Supplied material: Begin
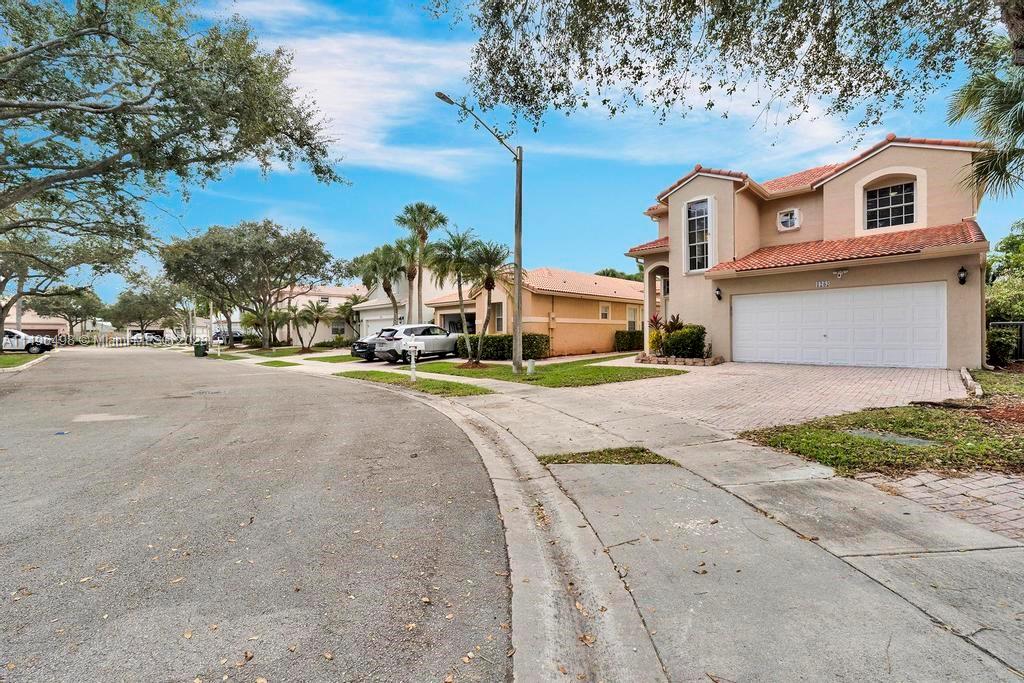 LAKES OF WESTERN PINES RE - Residential Lease
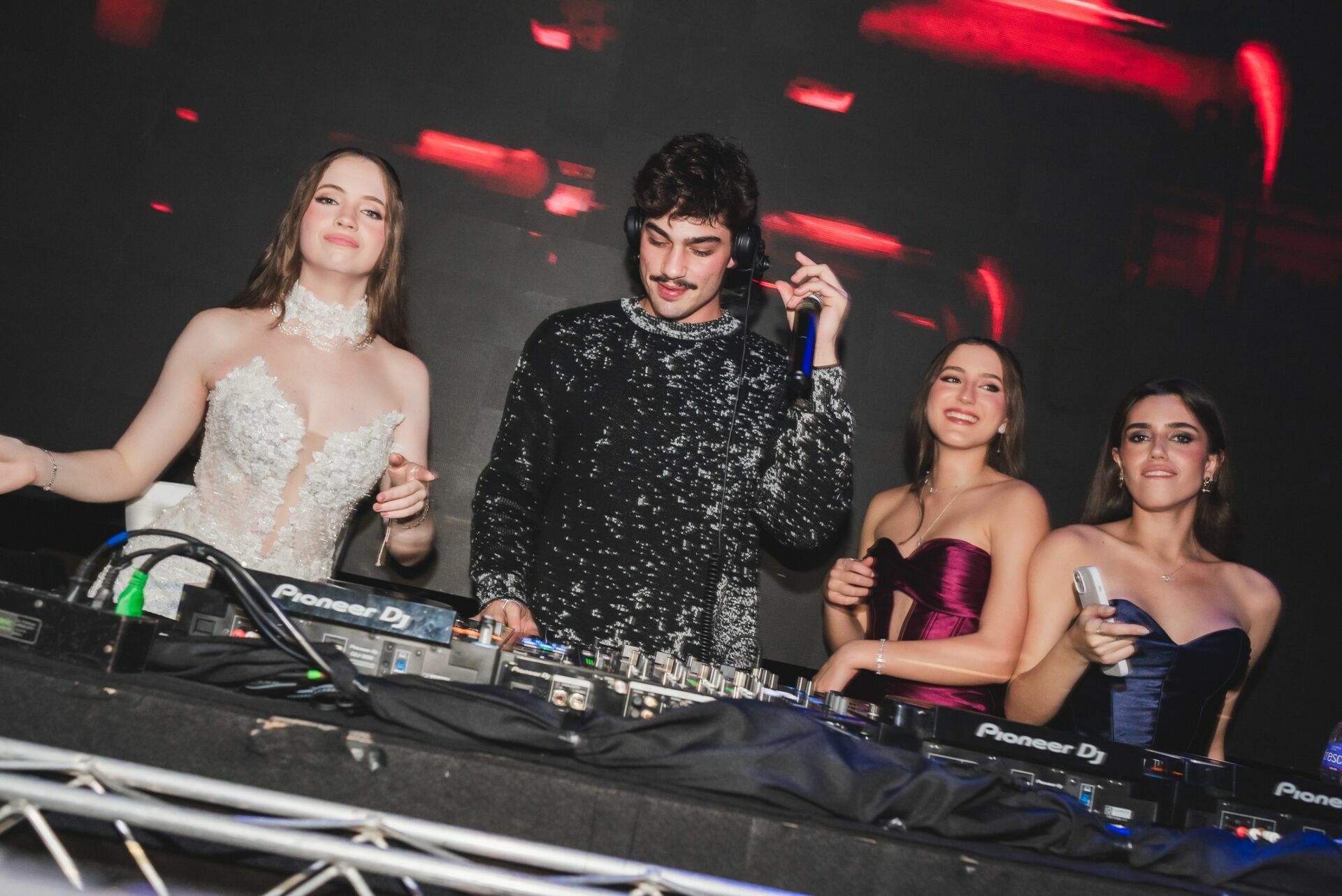 Foto Gabi Dare 18 anos - Imagem 94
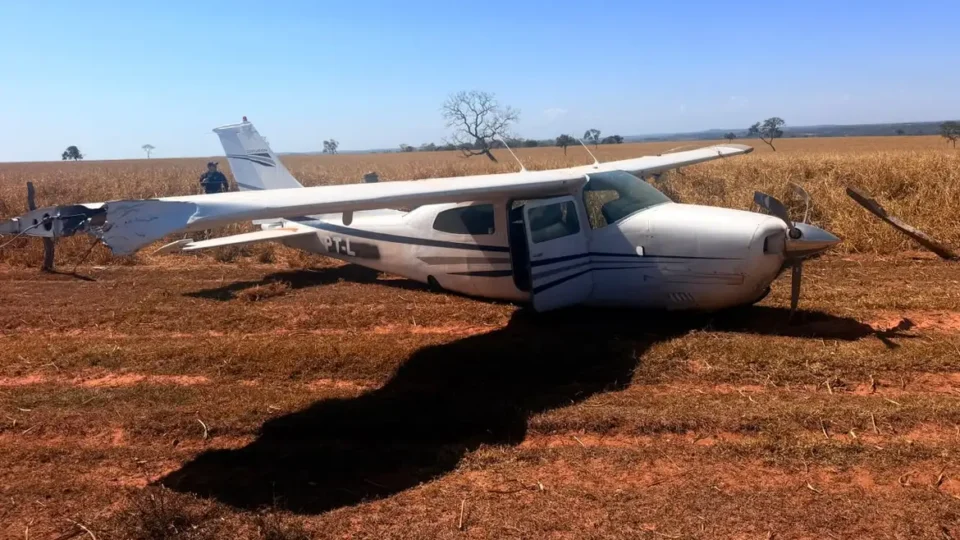FAB intercepta avião suspeito vindo da Bolívia; aeronave faz pouso forçado e ocupantes fogem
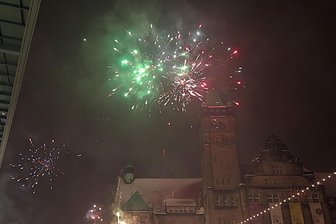 Mehrere Vorfälle in Chemnitz in der Silvesternacht – 13-Jähriger schwer verletzt - Viele Chemnitzer hatten sich um Mitternacht auf dem Markt versammelt.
Supplied material: End
* Your task *
From the first line to the last, please copy the data exactly, with the pictures left out.

* Response *
 LAKES OF WESTERN PINES RE - Residential Lease
 Foto Gabi Dare 18 anos - Imagem 94
FAB intercepta avião suspeito vindo da Bolívia; aeronave faz pouso forçado e ocupantes fogem
 Mehrere Vorfälle in Chemnitz in der Silvesternacht – 13-Jähriger schwer verletzt - Viele Chemnitzer hatten sich um Mitternacht auf dem Markt versammelt.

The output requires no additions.